Hello and welcome to my blog! My name is Caroline and I am a PhD student at the University of Sheffield. My research project focuses on Striga - a genus of parasitic plants that devastates harvests by infecting food crops. I am exploring the defence reactions that can make host plants more resistant against Striga. Due to my ongoing battles with anorexia, I haven't made as much progress as I would have liked but I am determined to finish the course.


This blog charts the ups and downs of life in the lab, plus my dreams to become a science communicator and forays into public engagement and science policy....all while trying to keep my mental and physical health intact. Along the way, I'll also be sharing new plant science stories, and profiles of some of the researchers who inspire me on this journey. So whether you have a fascination for plants, are curious about what science research involves, or just wonder what exactly I do all day, read on - I hope you find it entertaining!


Friday, 12 January 2018

2018 - A challenging year ahead...

"Your project has ended up being rather....challenging". 
So said my second supervisor during our progress meeting this week. We were surrounded by graphs, tables and scribbled on pieces of paper. I had come with high hopes that we work out a meticulous strategy for the rest of my PhD. Instead, I was despairing that I would ever be able to make sense of the data I already had, let alone make a plan for going forward.

The clock is rapidly counting down the remainder of my PhD. I have 9 months of funding left, then it will be time to leave the lab and somehow work everything I have done into an acceptable thesis. This ought to be a compelling body of work where my experiments elegantly prove or disprove the chosen hypotheses. But it currently feels like I am trying to assemble a jigsaw puzzle without the picture, and not even being certain that all the pieces are in the box. 
Striga gesnerioides - a very effective parasite...

Mr project is a tricky system to get your head around. Basically, I am trying to work out why the parasitic weed Striga gesnerioides is so capable of infecting the model  plant, Arabidopsis thaliana, when other parasites, including the close relative, Striga hermonthica, are  barred entry. Is the parasite producing effector molecules that actively suppress the host immune system? Does the host lack a receptor for recognising the foreign organism? Does the parasite produce plant hormones that mimic those of the host, and thus hijack defence signalling pathways?

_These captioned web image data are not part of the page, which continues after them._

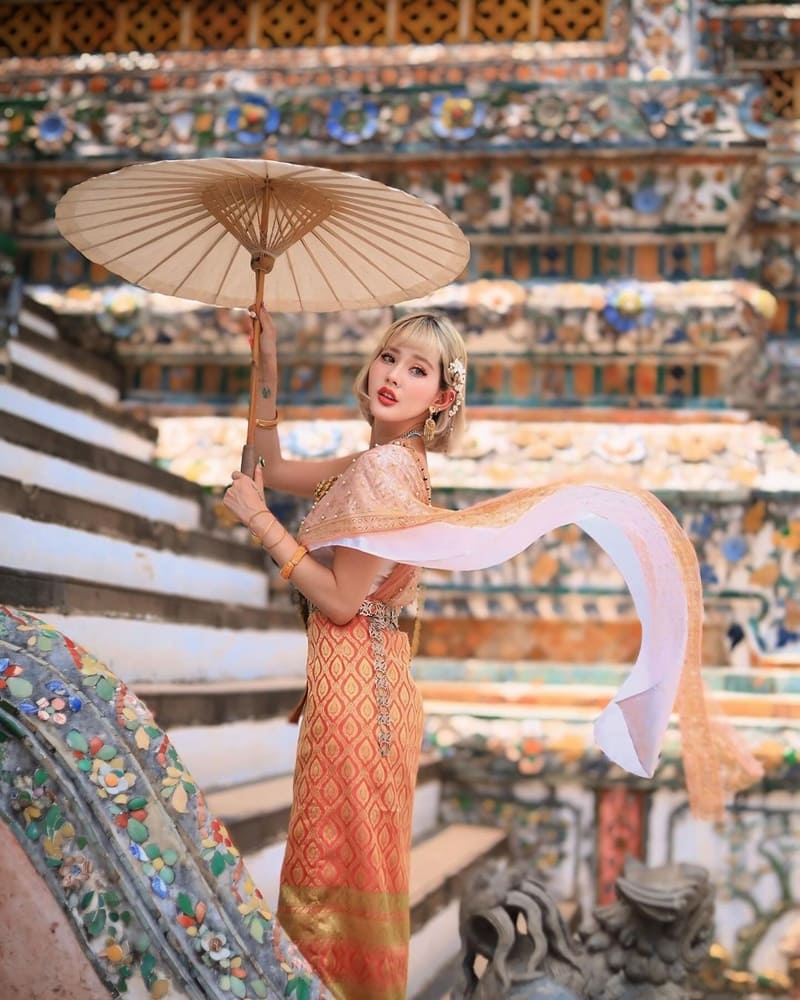 「泰國鄭王廟泰服體驗」服裝、髮型和飾品！推薦搭配攝影師拍攝、900泰銖全包、專業又省時！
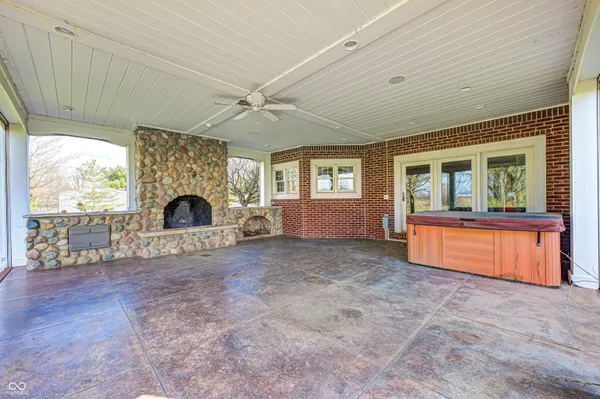 $1,100,000 | 2009 West 250 North, Lebanon, IN 46052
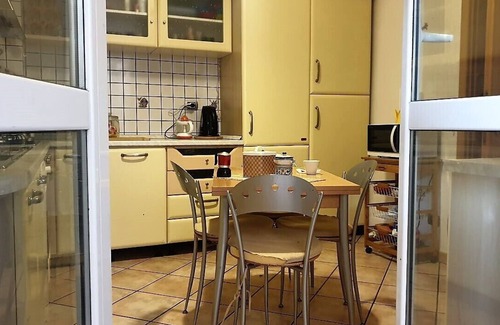 Garbatella Apartment | Rome-in the heart of the city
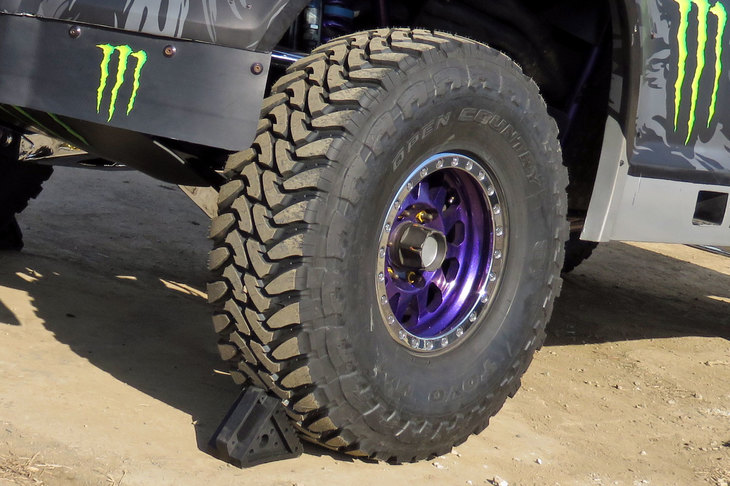 「OPEN COUNTRY」シリーズの中でもよりオフロードに特化したマッドテレインタイヤの「M/T」。サイドウオールに施されたバットレスデザインにより、深い泥濘路ではトレッド面だけでなくサイドウオールでもトラクションを発生させる。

I still have no idea and the experiments I have done so far - including testing genetic mutant Arabidopsis plants and analysing changes in gene expression - haven't really shed any light on the problem. I'm beginning to panic. I can't see how this will ever impress a viva examiner. Do I really have enough time to turn it around? I'm not afraid of hard work - long, unsocial hours are par for the course in a PhD. What I worry about is getting enough data in the remaining time - and that will require careful experimental planning and no mistakes. Talk about pressure!
Filling my growth cabinet with plants...

I know what they say: Most PhD students get 90% of their data in their final year. I'd say it to anyone else in the same situation, but can't convince myself that it will apply to me. Especially when I am so good at sabotaging myself by a) not prioritising rest when I need to b) getting distracted and taking on too many other commitments and c) not giving myself adequate nutrition - a relic from the 'bad old days' of anorexia. 

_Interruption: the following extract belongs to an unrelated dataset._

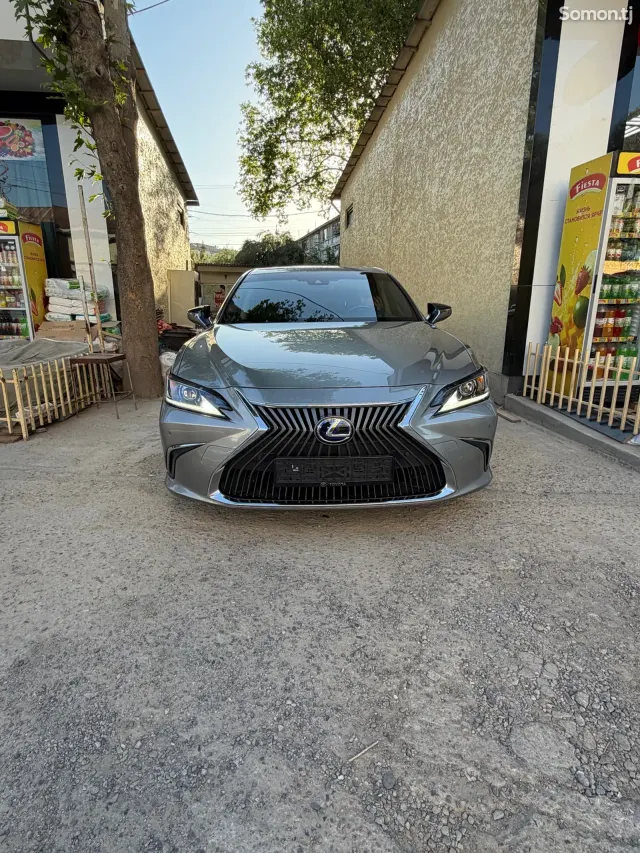 Lexus ES series 2019 · 3.0 AT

In short, this year will need a really focused strategy. I have cut down on my extra writing projects and try to delete all of those emails starting with 'We are looking for volunteers...' without reading them. And in my growth cabinet are 120+ plates of germinated Arabidopsis seed on agar, for my next big assay. If it works, it could give me a shed load of data to occupy myself with for at least a month or two. If not....well let's not think that far.

So from me to you, here's hoping for a highly successful and productive 2018!


1 comment:

  1. Hello Caroline. Good to read this. Hoping and praying that your research gives you some useful data in the coming weeks and months.